Netflix adds 'Moesha' and six other classic Black sitcoms to its library

·2 min read
During her '90s peak as a pop diva, Brandy was a multifaceted entertainer who enjoyed crossover success and a move to film and TV, including her own sitcom, "Moesha."
R&B singer and actress Brandy headlined the UPN sitcom "Moesha." (Julie Dennis Brothers / UPN)

Responding to years of fan demand, Netflix is building up its Strong Black Lead library with the acquisition of seven beloved Black sitcoms.

Th classic shows from the 1990s and early aughts include "Moesha," its spinoff "The Parkers," as well as "The Game," "Sister, Sister," Girlfriends," "Half & Half" and "One on One," the streamer announced Wednesday.

"Moesha," the teen sitcom starring R&B singer Brandy, begins streaming Saturday. The other premieres will be staggered between Aug. 15 and Oct. 15.

Netflix's announcement was accompanied by a star-studded video mash-up from the series' numerous actors.

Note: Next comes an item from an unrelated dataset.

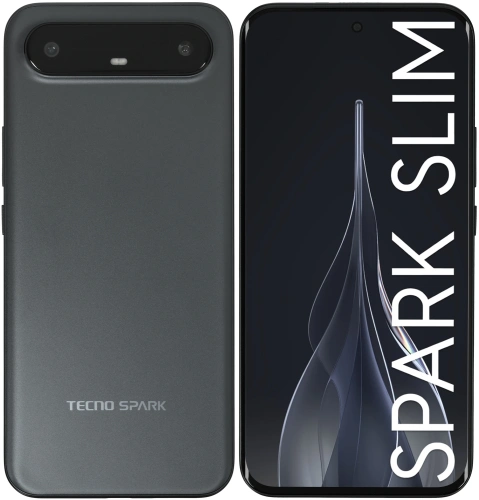 сертифицированный TECNO Spark Slim 8/256GB Cool Black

"I am beyond humbled and honored at how much the fans continue to ride hard for [these shows] years later and how it's made a huge impact on the culture," the actors said. "These shows changed the face of television as we know it. And it helps for black creators both in front of and behind the camera. It has provided us with being able to be in the homes of people worldwide."

Tracee Ellis Ross, Robert Ri'chard, Tia Mowry, Coby Bell, Pooch Hall, Valerie Pettiford and Sicily Johnson were among those participating in the video and who shared favorite moments from their shows.

"These shows made us laugh, and cry, and sing along with those catchy theme songs. And mostly importantly, we felt like we saw ourselves on screen — in some cases for the very first time," said a statement from Bradley Edwards, Netflix's content acquisition manager, and Jasmyn Lawson, manager of Strong Black Lead. "Every week we were able to tune in to see people, families and friends that looked like us and characters whose everyday ups and downs reflected Black life in an authentic way."

In June, the streaming giant added a Black Lives Matter section to its genre in response to viewers' interest in titles related to racial injustice, discrimination and systemic racism. That announcement came as viewership spiked for the oft-maligned film "The Help" following the death of George Floyd.